At this point in the season, I just list by a projected SOS - the combined records of the 16 opponents. Later in the year I figure out which future games will add 1-1 to the SOS (i.e teams on our schedule playing each other) to get a more refined estimate.
(Note that the tiebreak info below is based on the assumption that all teams will play their complete schedule. It is not based on “if the draft were held today…”, as the games future opponents have played so far are included.)
1. NYJ 0-9 (-14.5)
2. JAC 1-8 (-8) [note JAC projected SOS is 6.5 games weaker than NYJ projected SOS, which means they are trending to pick ahead of NYJ in case of a tie]
3. WAS 2-7 (4.5; see below)
4. DAL 2-7 (4; see below)
5. LAC 2-7 (-2)
6. HOU 2-7 (-10) (pick traded to MIA)
7. CIN 2-6-1
8. NYG 3-7
9. CAR 3-7 (-8.5)
10. ATL 3-6 (-7.5)
11. DEN 3-6 (-11.5)
12. SF 4-6 (-5)
13. DET 4-5 (-2)
14. MIN 4-5 (-2)
15. NE 4-5 (-2.5)
The numbers in parentheses give the number of games back in projected SOS, e.g. NYG is 8.5 games weaker in projected SOS than CAR and NYG is 4 games stronger than DAL in projected SOS. Big negative numbers are good for NYG, big positive numbers are bad for NYG.
For SOS tiebreak vs other NFC East teams, one only needs to look at the combined wins of the 2 non-common opponents.
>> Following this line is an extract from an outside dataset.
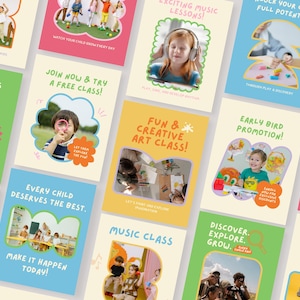 30 Kids Theme Instagram Portrait Post Templates | Fully editable in Canva l Colorful Templates l Children Instagram Post l School Nursery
For WAS (assuming both teams don’t make the playoffs) compare
WAS: DET + CAR = 7-12 combined record
NYG: CHI + TB = 12-8 combined record
Note that the NYG sweep over WAS does not determine draft order tiebreak unless these combined records end up the same.
For DAL
DAL: ATL + MIN = 7-11 combined record
NYG: CHI + TB = 12-8 combined record
[note that at one point ATL was 0-5, MIN was 1-5, and CHI was 5-1]
If Lawrence is the type of QB prospect that many think he is, I sincerly doubt the team with the top overall pick trades out of that spot, regardless of what is offered.
This notion by some (not necessarily you) that a team can offer "the farm" and get whatever they want is simply not true.
Jets can either keep Darnold who is still 23 years old by the way, or take another QB in the 2021 draft, and have a treasure trove of picks for years to come if a team wants Lawrence that bad.
Listen I get that Lawrence is a great prospect, but you'd have to be a moron to not consider all of those picks that they can get.
If Lawrence has the potential to be a top NFL QB for the next 15 years, no GM is going to risk trading his rights away....especially if it's the Jets who still haven't lived down taking O'Brien over Marino.
7 or 8 years from now chances are all the players in that potential "haul trade" will be out of the NFL, while Lawrence may still be in his prime.